Any guessers (other than Ried) as to what my 8-31-07 sig means?


----------



## kinbard (Jul 1, 2006)

http://cgi.ebay.com/2-Beyonce-Tickets-8-31-07-Oakland_W0QQitemZ220131563510QQcmdZViewItem
??


----------



## Deleted090308 (Jan 25, 2007)

Que?.


----------



## bry623 (Apr 8, 2002)

Nope. Look at my profile.


----------



## Midnight Tech (Dec 31, 2001)

Oh no...Bry gonna be a daddy again....


----------



## Ried (Jan 11, 2005)

Aw, c'mon bry. :laugh:

Your profile gives a good clue-but not really fair if they aren't from around Ohio. Give them a bit more to go on. :winkgrin:


----------



## Tumbleweed36 (May 14, 2005)

The first game of another season that comes up short for Ohio State????


----------



## Ried (Jan 11, 2005)

Note the description of his family and try to take it from there--It's a celebration held each year in recognition of these types of siblings.


----------



## mattlock (Dec 28, 2005)

If it's the Twins Day Festival in Twinsburg, (the only one I know of) Bry has the date wrong. It's actually this weekend.


----------



## bry623 (Apr 8, 2002)

Alas, I have never been to Twinsburg, but Ried is close. I have the day off. At approx. 7:45AM EDT that morning, the school bus which normally picks up 1 kid from my house, will be picking up 3!!!!!!!!!!!!


----------



## JohnthePilot (Mar 30, 2006)

bry623 said:


> Alas, I have never been to Twinsburg, but Ried is close. I have the day off. At approx. 7:45AM EDT that morning, the school bus which normally picks up 1 kid from my house, will be picking up 3!!!!!!!!!!!!

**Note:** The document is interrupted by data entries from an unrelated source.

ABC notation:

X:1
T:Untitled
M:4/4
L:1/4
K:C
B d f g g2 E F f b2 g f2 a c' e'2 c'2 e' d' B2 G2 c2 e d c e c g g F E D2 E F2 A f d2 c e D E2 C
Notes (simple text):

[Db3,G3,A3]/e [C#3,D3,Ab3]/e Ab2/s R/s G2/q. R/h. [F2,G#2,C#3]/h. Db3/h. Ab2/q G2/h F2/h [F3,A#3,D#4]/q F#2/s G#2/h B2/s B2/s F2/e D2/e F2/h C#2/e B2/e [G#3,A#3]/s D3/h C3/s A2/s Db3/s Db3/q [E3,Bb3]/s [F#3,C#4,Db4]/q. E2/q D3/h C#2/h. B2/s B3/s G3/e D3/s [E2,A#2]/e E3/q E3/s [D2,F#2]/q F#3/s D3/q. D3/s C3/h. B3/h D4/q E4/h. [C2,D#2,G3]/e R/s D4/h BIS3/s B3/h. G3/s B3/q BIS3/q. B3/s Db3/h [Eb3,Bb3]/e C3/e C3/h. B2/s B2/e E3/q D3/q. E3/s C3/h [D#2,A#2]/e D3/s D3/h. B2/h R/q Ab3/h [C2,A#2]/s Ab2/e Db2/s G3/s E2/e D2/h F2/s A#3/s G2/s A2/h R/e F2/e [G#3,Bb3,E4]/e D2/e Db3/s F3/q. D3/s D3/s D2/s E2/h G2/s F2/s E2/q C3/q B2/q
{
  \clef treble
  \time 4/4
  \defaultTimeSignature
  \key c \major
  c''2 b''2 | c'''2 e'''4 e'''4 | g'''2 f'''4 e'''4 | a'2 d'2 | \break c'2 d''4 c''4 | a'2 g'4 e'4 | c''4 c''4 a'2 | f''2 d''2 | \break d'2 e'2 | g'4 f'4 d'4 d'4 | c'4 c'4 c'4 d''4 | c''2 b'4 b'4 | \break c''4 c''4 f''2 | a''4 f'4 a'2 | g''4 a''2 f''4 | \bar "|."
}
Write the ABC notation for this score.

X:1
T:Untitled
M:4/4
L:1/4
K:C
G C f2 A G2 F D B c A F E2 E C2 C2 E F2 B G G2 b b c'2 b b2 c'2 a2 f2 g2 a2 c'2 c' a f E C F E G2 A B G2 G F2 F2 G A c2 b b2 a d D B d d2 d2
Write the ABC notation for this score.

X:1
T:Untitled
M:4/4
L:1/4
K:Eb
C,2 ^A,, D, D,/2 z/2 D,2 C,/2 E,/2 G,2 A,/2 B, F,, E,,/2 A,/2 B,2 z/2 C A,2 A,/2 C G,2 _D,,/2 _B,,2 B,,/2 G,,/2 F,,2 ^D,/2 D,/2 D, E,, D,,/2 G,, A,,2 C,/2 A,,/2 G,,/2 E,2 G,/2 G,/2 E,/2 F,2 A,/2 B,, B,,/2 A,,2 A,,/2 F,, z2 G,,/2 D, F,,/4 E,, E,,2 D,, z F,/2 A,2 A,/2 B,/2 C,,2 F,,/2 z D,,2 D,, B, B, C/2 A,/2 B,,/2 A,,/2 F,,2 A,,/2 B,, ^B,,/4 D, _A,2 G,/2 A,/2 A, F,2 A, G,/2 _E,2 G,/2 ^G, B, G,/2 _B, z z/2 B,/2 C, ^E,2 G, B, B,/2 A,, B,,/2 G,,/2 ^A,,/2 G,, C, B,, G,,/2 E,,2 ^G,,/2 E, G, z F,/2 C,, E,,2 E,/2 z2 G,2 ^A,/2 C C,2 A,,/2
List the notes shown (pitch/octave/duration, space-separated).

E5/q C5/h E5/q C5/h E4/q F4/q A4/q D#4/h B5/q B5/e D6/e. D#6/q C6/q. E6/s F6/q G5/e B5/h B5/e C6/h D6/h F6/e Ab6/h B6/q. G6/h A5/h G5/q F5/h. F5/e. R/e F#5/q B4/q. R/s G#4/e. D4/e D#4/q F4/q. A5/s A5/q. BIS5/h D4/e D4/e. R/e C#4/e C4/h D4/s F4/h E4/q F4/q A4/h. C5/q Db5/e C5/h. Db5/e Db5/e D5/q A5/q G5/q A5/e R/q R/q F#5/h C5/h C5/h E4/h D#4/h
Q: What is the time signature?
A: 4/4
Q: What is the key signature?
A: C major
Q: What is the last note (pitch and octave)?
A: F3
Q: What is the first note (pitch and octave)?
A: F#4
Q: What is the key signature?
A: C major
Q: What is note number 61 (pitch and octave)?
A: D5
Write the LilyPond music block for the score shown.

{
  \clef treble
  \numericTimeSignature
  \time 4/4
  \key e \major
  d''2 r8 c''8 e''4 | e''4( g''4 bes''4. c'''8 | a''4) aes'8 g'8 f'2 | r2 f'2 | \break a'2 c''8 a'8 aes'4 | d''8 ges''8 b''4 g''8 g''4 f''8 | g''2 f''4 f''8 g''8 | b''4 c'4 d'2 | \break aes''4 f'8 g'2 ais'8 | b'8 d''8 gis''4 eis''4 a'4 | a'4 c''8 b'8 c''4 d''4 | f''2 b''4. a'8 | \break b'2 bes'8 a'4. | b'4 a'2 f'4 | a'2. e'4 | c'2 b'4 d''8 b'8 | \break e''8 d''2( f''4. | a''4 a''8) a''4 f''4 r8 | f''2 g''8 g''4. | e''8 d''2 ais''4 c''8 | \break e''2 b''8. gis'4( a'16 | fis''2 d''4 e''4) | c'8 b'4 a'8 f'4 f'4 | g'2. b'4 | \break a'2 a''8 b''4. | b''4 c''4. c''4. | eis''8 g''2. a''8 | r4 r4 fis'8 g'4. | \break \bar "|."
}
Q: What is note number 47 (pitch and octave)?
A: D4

Fancy looking forward to your kids not being there for the day. Shame on you.:grin:


----------



## Ried (Jan 11, 2005)

Well, you know how it is--the kids are so excited to begin school full time. We're just trying to be supportive of their enthusiasm. :winkgrin:

I'm a couple days ahead of you on that bry--my sig would read 8-28-07. :woot:

@ mattlock138--you're right, Twins Day in Twinsburg was moved up this year.


----------



## JohnthePilot (Mar 30, 2006)

Ried said:


> Well, you know how it is--the kids are so excited to begin school full time. We're just trying to be supportive of their enthusiasm. :winkgrin:


I believe you Lisa. :laugh:


----------



## bry623 (Apr 8, 2002)

She has twins too, so she's doubly supportive.


----------



## grumpygit (Oct 28, 2006)

Bry, Just read your biography. 
A comma after 'married' would help avoid any confusion.:grin:


----------



## Done_Fishin (Oct 10, 2006)

I was just about to add something similar ...

SHAME ON YOU ...


> married an 8yr old girl and 5yr old twin boys


this comes under pedophile & bigamy :grin:

make amends quick before you bring us under heavy scrutiny from the authorities


----------